Gryffin is developed for Linux based systems. Please contact us should you run into issues.

To install Gryffin from source you can clone this repository and execute the following steps.

From source

Gryffin can be installed from source.

git clone https://github.com/Atinary-technologies/gryffin
cd gryffin 
pip install .

Running Gryffin

Gryffin identifies optimal parameter choices in a closed-loop approach. Given a set of prior observations, consisting of evaluated parameters and associated measurements, it can recommend several parameter choices for future evaluation.

A basic skeleton of the code to run Gryffin in a single-objective optimization problem is as follows:

from gryffin import Gryffin

##  BUDGET (int): number of evaluations of the black-box function we want to optimize.
##  benchmark (function): 'black box' function that returns the merit (scalar) obtained for a certain parameter setup.

# create an instance from a configuration file
CONFIG_FILE = 'config.json'
gryffin = Gryffin(CONFIG_FILE)

observations = []
for _ in range(BUDGET):

    # gryffin recommends a number of parameter setups to evaluate based on previous observations
    samples  = gryffin.recommend(observations = observations)
   
    for sample in samples:
        # black-box function is queried with the recommended parameter setups 
        measurement   = benchmark(sample)
        sample['obj'] = measurement
        observations.append(sample)

Configuration file

The config file (config.json) defines the optimization problem and the setup of Gryffin. It must contain the three following fields: general, parameters and objectives.

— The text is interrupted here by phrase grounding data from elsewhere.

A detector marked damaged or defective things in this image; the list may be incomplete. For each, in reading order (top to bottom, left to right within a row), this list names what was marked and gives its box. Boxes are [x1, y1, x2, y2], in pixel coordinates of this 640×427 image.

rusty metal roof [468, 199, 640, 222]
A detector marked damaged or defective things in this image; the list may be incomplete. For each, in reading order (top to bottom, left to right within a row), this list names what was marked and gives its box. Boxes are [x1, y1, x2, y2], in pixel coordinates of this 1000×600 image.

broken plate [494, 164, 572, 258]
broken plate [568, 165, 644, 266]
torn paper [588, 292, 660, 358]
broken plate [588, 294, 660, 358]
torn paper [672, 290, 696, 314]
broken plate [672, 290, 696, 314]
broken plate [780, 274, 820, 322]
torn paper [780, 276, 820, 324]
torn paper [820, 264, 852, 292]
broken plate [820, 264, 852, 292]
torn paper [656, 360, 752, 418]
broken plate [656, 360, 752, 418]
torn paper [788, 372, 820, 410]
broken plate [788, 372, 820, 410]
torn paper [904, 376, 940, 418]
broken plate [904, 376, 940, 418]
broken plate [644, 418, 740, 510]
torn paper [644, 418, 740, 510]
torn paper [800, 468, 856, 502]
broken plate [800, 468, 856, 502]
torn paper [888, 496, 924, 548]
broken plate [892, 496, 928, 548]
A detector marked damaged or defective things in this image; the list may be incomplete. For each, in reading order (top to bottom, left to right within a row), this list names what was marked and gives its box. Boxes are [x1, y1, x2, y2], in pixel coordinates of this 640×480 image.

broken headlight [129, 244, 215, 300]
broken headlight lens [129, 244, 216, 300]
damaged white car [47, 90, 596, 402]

  • general. It contains hyperparameter choices that will affect the performance of Gryffin. The whole list of hyperparameters and their default values are available at src/gryffin/utilities/defaults.py. Some of the most important hyperparameters (type) are:

    • auto_desc_gen (bool): It enables dynamic Gryffin for the case it is set to True and descriptors are provided.
    • sampling_strategies (int): Number of acquisition functions as per the Phoenics framework. By default, n sampling strategies are sampled evenly across the interval [-1, 1], i.e. lambdas = np.linspace(-1, 1, n).
  • parameters. It characterizes the parameters that are to be optimized. Gryffin supports continuous, categorical and discrete parameters. Each parameter type is characterized with a number of attributes.

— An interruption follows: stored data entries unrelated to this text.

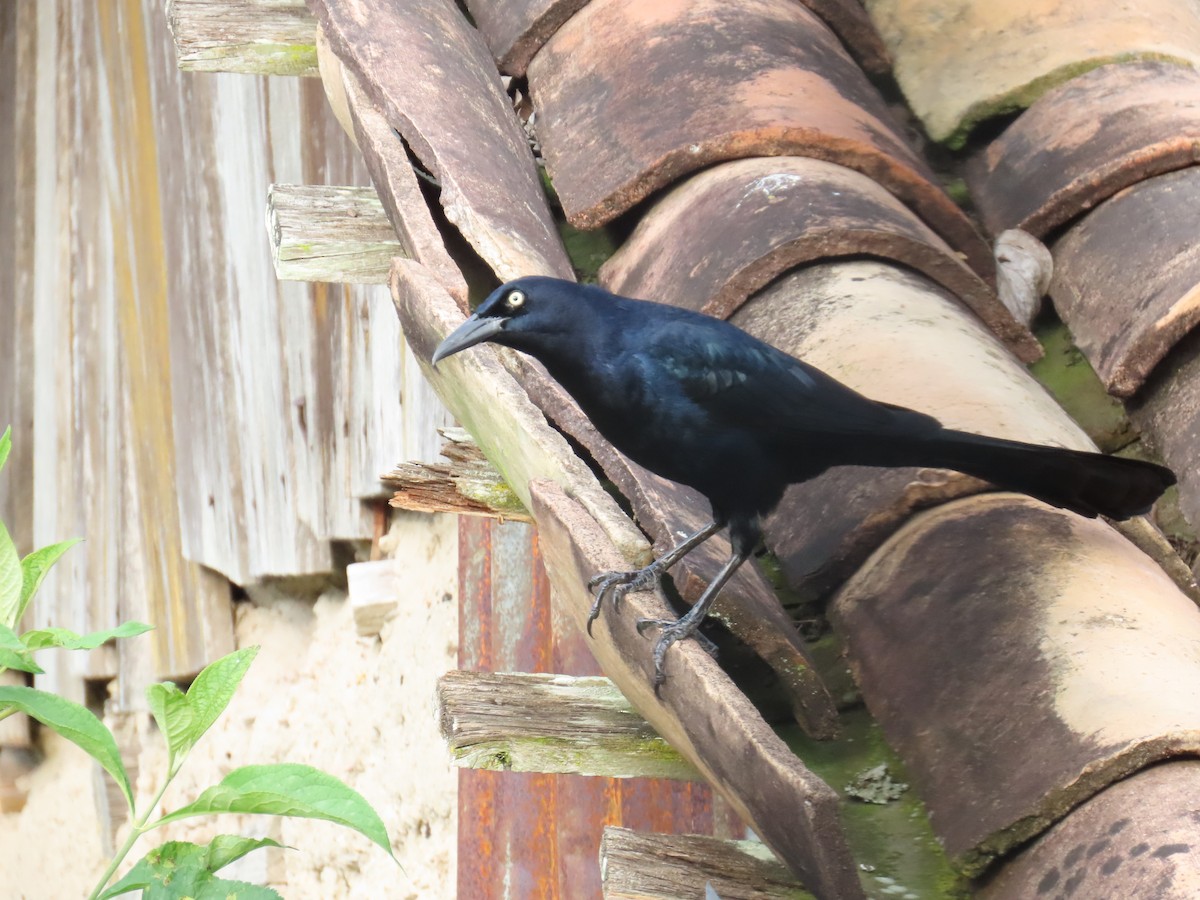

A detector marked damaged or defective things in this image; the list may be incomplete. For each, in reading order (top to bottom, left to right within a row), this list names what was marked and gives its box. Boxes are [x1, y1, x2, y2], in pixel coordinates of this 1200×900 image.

rusty metal [310, 0, 572, 282]
rusty metal [528, 0, 988, 276]
rusty metal [604, 156, 1032, 362]
rusty metal [964, 61, 1200, 241]
rusty metal [1048, 166, 1200, 398]
rusty metal [828, 496, 1200, 876]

    • Continuous parameters are characterized by an upper (high) and lower (low) bound.
    • Categorical parameters take on one of a finite number of possible options. Options may be characterized by descriptors. Both information (options and descriptors) should be available in cat_details.
    • Discrete parameters also take on one of a finite number of possible options. Options are in the interval defined by an upper (high) and lower (low) bound.
  • objectives. It enumerates the list of objectives to optimize. For the case where the user defines more than one objective, all objectives are aggregated into one single objective based on the Chimera framework [3]. In either case, each objective must always be characterized with:

    • name (str): Name of the property to be optimized.
    • goal (maximize/minimize).

    Moreover, for multi-objective optimization problems there are additional attributes that must be provided:

    • hierarchy (int): hierarchy importance for each individual objective. The lower the more relevant it becomes.
    • tolerance (float): relative tolerance value.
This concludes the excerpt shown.